But before we started, as promised, here’s a shot of Chris and I (David) with one of the famous white squirrels of Brevard!  OK, maybe the sneakers give it away, but that’s just a guy in a (somewhat tattered) squirrel suit.

The final stage started with a controlled roll-out, with police escort, onto the road that leads out of Pisgah Forest from our daily start/finish site at the base of Black Mountain.  We even got to stop traffic at an intersection (but the people of Brevard were exceedingly polite about the whole event, but perhaps they were just utterly perplexed by the sight of 50-odd spandex clad mountain bikers rolling down the road)!  Once we turned onto the main highway leading north, towards our first singletrack of the day, I tried to stay tucked in with the lead group as long as I could, but faded off the back on the first big hill (the first 4 days were really catching up with me).  Chris dropped back and we pacelined the rest of the paved miles until our turnoff onto the first big fire road climb of the day.
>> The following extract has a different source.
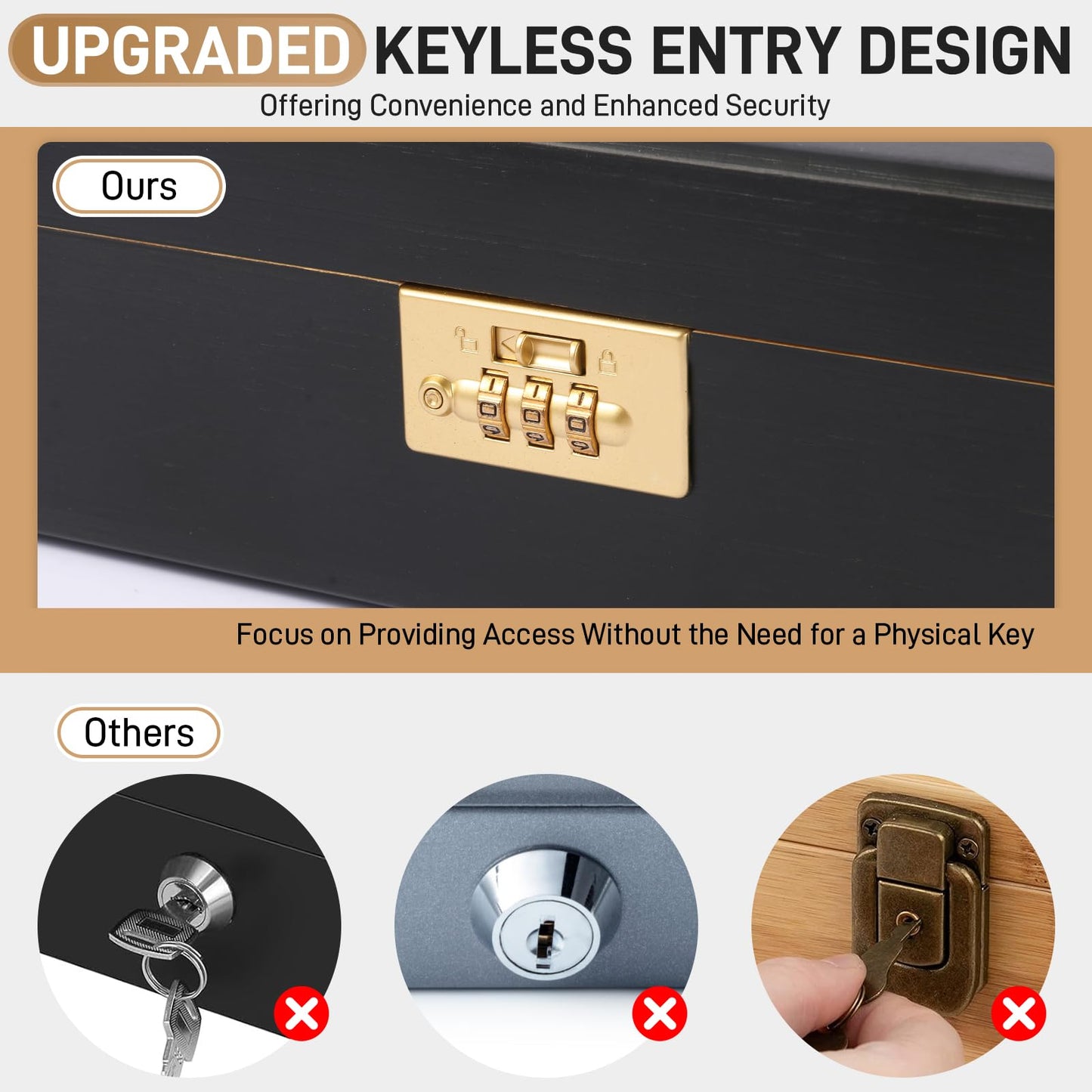 Upgraded Lockable Large Bamboo Knife Storage Box with Magnetic Removable Knife Blocks for Easy, Quick and Safe Culinary Tools Storage, Keyless Kitchen Combination Lock Box, Great Kitchen Gifts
Soon enough we hit singletrack, a fun rolling stretch along Turkeypen Gap, before we dropped down to a creekside trail.  We waded through the chilly water many times  as the trail zig-zagged back and forth across the stream.  The first crossing was the deepest, but it was only about knee-high this year:

Since I had my GoPro HD Hero helmet cam ready to go, I made a little compilation of the stream crossing action, to give you a feel for the experience:

Once we finished the lowland stretch of stream crossings, the trail pointed ever upward and we started the long climb to the top of Laurel Mountain.  As I said, it was a beautiful day, so attempting this climb without blinding snow made it eminently more enjoyable, but it was still a hard slog.  We are definitely not elite level mountain bikers by any means, so riding for 5 straight days for over 5 hours was really starting to wear me down.  Even what would normally be fast and fun singletrack just became a matter of survival.
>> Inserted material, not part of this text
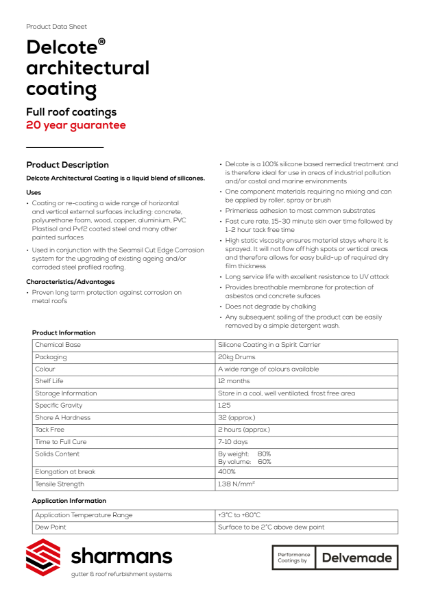 Delcote architectural coating product data sheet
But battle on we did, pushing our bikes up Laurel Mountain when we had to (well, everyone had to at some point, as it was ridiculously steep)!  Once at the top, the view was amazing, but we soon had out hands full with the descent off of Pilot Mountain.  Rocky hairpin switchbacks greeted us for miles as we plunged downward–we needed every suspension advantage from our GT Sensor 9rs to get down in one piece.  Here I am navigating the “humvee” section near the bottom of Pilot Mountain:

After some paved road connectors, it was back onto the Avery Creek Trail for one last hurrah of Pisgah singletrack.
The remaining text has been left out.